Daniels fitted the Lloyds mould perfectly. Trained at Citibank and with plenty of senior international experience, he knew the retail banking business well and brought a different but cautious view to Lloyds, contrasting with his more dynamic chairman, Victor Blank, who fancied himself as a deal doer when a lawyer at Clifford Chance, later at Charterhouse (the second tier merchant bank, not the second tier public school), before finishing his career at Lloyds.

It is easy to see how Blank, the former chairman of Mirror Newspapers, would have warmed to the Labour government when they proposed that Lloyds should step up to the plate and take over HBOS. Lawyers are never good at numbers even if they understand the principles of risk, but it is hard to see Blank's enthusiasm being shared lower down the bank. Lloyds, as anyone who has dealt with them knows, is the bank that likes to say “Yes, er... I mean maybe ... Look I’ll have to think about it ... Well probably not this time.... I mean 'No' .... Sorry.”

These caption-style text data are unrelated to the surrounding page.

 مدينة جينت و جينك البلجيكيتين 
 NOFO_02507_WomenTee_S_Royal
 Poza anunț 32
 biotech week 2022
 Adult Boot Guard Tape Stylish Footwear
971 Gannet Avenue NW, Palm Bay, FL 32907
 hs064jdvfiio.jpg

Still the deal went ahead. At the press conferences both Daniels and Blank put on a brave face about the possibilities for the bank with the expanded customer base. no doubt because Daniels was aware that it was his banks regulators who were pushing him to merge with HBOS. Daniels must have felt he was being made an offer he couldn’t refuse and was onl trying to help out like a good corporate citizen. After all, the regulator wouldn’t be forcing the bank on him if it was a complete crock of doo-doo, would they?

Dream on. Having opened the can of worms that was the HBOS legacy from the non-bankers Crosby and Hornby, Daniels found he had to go to the government for cash to prop up his banl's capital base. He wasn’t helped when the FSA decided that there was a recession coming and that UK banks would have to have more Tier 1 capital than usual. Daniels got some extra cash from the government but had to give them 43% of the merged bank in return. At this point the deal may not have looked great for Lloyds shareholders, but nevertheless acceptable, with a faint hope of some future value.

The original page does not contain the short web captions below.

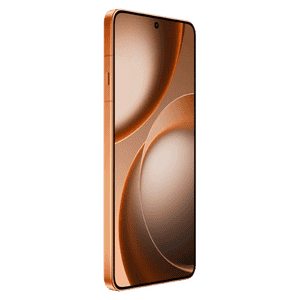 Oppo Find X9 Ultra 5G | 12GB | 512GB | Canyon Orange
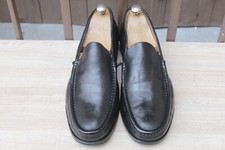 MOCASSIN CHURCH'S CUIR LOAFER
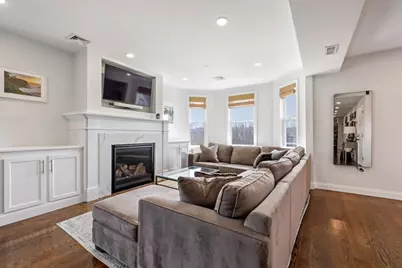 77 Torrey St #3, Boston, MA 02124 - Photo 1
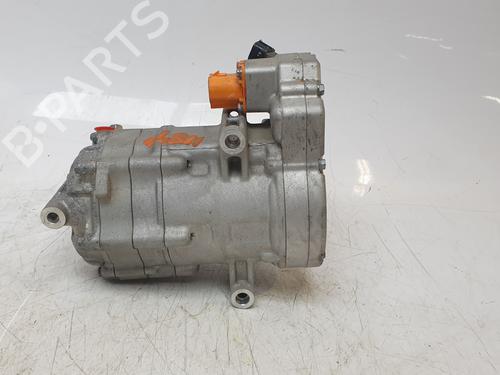 AC compressor KIA NIRO II (SG2)  | BP21768449M34 
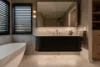 53 Franklin Drive, Estella, NSW 2650-Image
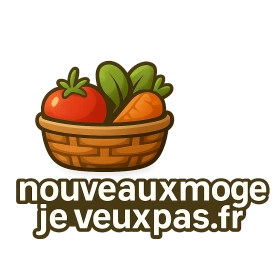nouveauxogmjenveuxpas.fr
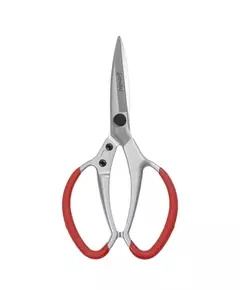 SAMURAI Ножницы универсальные ISMP-80AH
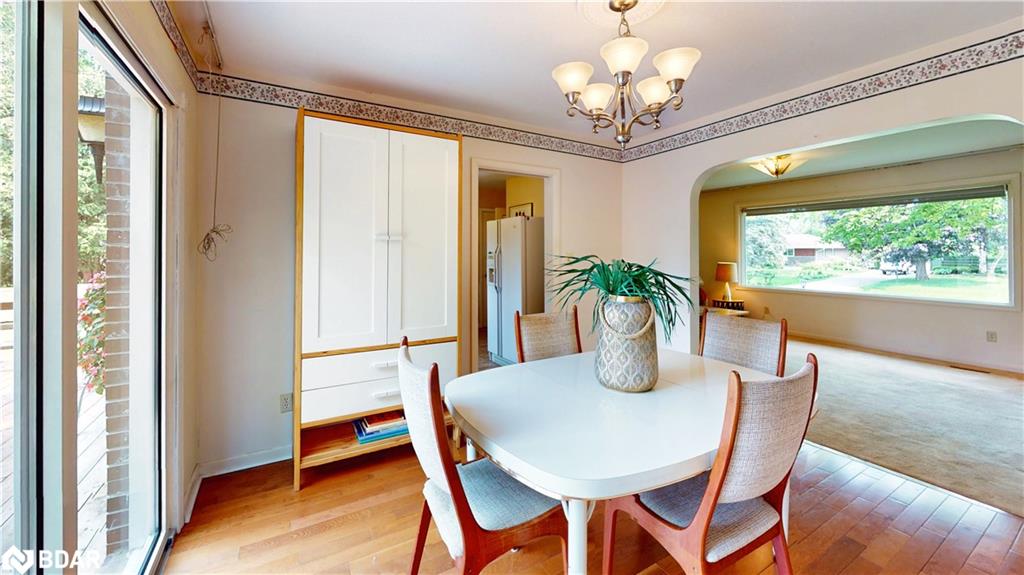 14 Francis Road Property Photo 8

A few months later when Daniels and his team found out what they had really bought, they were forced back to the government for more “protection” (where have I heard that term before). Now the government is trying to take 70% control of the company in return for protecting Lloyds from the monster that the government encouraged it to merge with only a few months ago.

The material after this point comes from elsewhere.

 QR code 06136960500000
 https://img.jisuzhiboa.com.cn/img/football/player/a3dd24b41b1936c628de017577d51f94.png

Caught between a poorly run British bank, a reckless British government and angry British shareholders, no wonder there are rumours that Daniels is ready to back his bags and head home to the USA. I wouldn’t blame him.

1 comment:

Demetrius said...

When in the reign of the Emperor Augustus a lawyer, Quintilius Publius Varu was appointed to be commander of the Legions on the Rhine, he was expected to listen to his generals, and keep things quiet and ordered, just as a lawyer should. But once in charge of the military he took it into his head to lead the charge, and took the 17th, 18th, and 19th Legions into the forests of the Teutoberg where they were duly massacred by Arminius and the Germans, one of the worse catastrophes in Roman History. It could have been worse, he might have been put in charge of the Imperial Treasury.